** EXERCISE DATA follows **

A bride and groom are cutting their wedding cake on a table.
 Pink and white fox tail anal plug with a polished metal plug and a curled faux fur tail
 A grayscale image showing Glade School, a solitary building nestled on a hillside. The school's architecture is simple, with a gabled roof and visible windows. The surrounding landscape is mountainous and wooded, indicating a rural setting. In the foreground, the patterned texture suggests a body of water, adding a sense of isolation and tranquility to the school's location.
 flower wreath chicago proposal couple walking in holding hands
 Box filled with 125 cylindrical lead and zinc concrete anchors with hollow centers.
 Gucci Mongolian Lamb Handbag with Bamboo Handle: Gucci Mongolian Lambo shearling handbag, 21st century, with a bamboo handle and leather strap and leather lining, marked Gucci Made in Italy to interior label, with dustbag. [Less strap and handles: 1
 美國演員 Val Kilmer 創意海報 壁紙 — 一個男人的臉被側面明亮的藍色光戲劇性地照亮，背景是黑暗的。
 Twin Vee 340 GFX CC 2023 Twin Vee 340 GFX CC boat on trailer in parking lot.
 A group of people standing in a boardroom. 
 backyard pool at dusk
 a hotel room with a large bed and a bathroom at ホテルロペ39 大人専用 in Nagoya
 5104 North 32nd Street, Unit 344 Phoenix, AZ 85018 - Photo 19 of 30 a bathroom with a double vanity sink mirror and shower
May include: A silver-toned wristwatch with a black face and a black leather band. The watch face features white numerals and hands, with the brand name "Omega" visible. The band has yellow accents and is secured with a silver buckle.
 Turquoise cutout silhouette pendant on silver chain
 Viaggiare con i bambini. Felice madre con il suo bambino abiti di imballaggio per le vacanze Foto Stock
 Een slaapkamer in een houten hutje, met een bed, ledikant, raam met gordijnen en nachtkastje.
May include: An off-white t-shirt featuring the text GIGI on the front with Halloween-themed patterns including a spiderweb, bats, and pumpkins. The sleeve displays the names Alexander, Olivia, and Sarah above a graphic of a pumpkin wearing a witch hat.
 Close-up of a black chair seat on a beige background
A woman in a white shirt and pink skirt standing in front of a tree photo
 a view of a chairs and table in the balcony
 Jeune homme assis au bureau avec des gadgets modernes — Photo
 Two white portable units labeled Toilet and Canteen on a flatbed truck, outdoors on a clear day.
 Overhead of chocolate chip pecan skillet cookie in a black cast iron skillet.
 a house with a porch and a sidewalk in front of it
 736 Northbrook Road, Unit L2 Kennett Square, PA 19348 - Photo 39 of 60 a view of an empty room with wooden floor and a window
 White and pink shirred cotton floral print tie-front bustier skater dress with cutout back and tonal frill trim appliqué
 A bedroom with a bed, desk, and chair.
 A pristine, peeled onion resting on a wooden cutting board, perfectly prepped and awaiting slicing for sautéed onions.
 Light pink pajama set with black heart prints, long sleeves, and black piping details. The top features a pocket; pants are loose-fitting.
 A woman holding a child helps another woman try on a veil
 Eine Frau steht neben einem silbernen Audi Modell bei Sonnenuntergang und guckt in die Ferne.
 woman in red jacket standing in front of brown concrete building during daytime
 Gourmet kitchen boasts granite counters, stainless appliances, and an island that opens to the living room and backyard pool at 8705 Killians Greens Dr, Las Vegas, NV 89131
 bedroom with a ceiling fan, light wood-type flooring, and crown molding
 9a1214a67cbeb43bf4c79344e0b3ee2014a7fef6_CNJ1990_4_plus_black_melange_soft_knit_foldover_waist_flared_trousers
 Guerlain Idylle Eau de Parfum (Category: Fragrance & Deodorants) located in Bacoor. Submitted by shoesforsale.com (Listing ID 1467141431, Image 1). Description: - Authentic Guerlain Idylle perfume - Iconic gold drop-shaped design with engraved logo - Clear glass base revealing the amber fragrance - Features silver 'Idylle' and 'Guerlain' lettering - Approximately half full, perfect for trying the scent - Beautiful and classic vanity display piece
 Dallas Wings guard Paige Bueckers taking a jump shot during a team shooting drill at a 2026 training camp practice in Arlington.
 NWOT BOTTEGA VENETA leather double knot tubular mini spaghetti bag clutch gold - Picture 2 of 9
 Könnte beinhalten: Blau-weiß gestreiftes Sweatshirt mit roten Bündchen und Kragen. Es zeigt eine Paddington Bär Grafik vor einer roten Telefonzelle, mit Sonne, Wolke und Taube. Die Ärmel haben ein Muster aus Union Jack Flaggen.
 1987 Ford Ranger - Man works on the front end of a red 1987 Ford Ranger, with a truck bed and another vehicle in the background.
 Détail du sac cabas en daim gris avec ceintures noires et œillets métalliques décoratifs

** End of EXERCISE DATA **

→ **INSTRUCTIONS TO FOLLOW**: Set down each line exactly as it appears, starting at the top of the data and ending at the line containing "Een slaapkamer in", and include no other lines.

→ **FINAL ANSWER**:
A bride and groom are cutting their wedding cake on a table.
 Pink and white fox tail anal plug with a polished metal plug and a curled faux fur tail
 A grayscale image showing Glade School, a solitary building nestled on a hillside. The school's architecture is simple, with a gabled roof and visible windows. The surrounding landscape is mountainous and wooded, indicating a rural setting. In the foreground, the patterned texture suggests a body of water, adding a sense of isolation and tranquility to the school's location.
 flower wreath chicago proposal couple walking in holding hands
 Box filled with 125 cylindrical lead and zinc concrete anchors with hollow centers.
 Gucci Mongolian Lamb Handbag with Bamboo Handle: Gucci Mongolian Lambo shearling handbag, 21st century, with a bamboo handle and leather strap and leather lining, marked Gucci Made in Italy to interior label, with dustbag. [Less strap and handles: 1
 美國演員 Val Kilmer 創意海報 壁紙 — 一個男人的臉被側面明亮的藍色光戲劇性地照亮，背景是黑暗的。
 Twin Vee 340 GFX CC 2023 Twin Vee 340 GFX CC boat on trailer in parking lot.
 A group of people standing in a boardroom. 
 backyard pool at dusk
 a hotel room with a large bed and a bathroom at ホテルロペ39 大人専用 in Nagoya
 5104 North 32nd Street, Unit 344 Phoenix, AZ 85018 - Photo 19 of 30 a bathroom with a double vanity sink mirror and shower
May include: A silver-toned wristwatch with a black face and a black leather band. The watch face features white numerals and hands, with the brand name "Omega" visible. The band has yellow accents and is secured with a silver buckle.
 Turquoise cutout silhouette pendant on silver chain
 Viaggiare con i bambini. Felice madre con il suo bambino abiti di imballaggio per le vacanze Foto Stock
 Een slaapkamer in een houten hutje, met een bed, ledikant, raam met gordijnen en nachtkastje.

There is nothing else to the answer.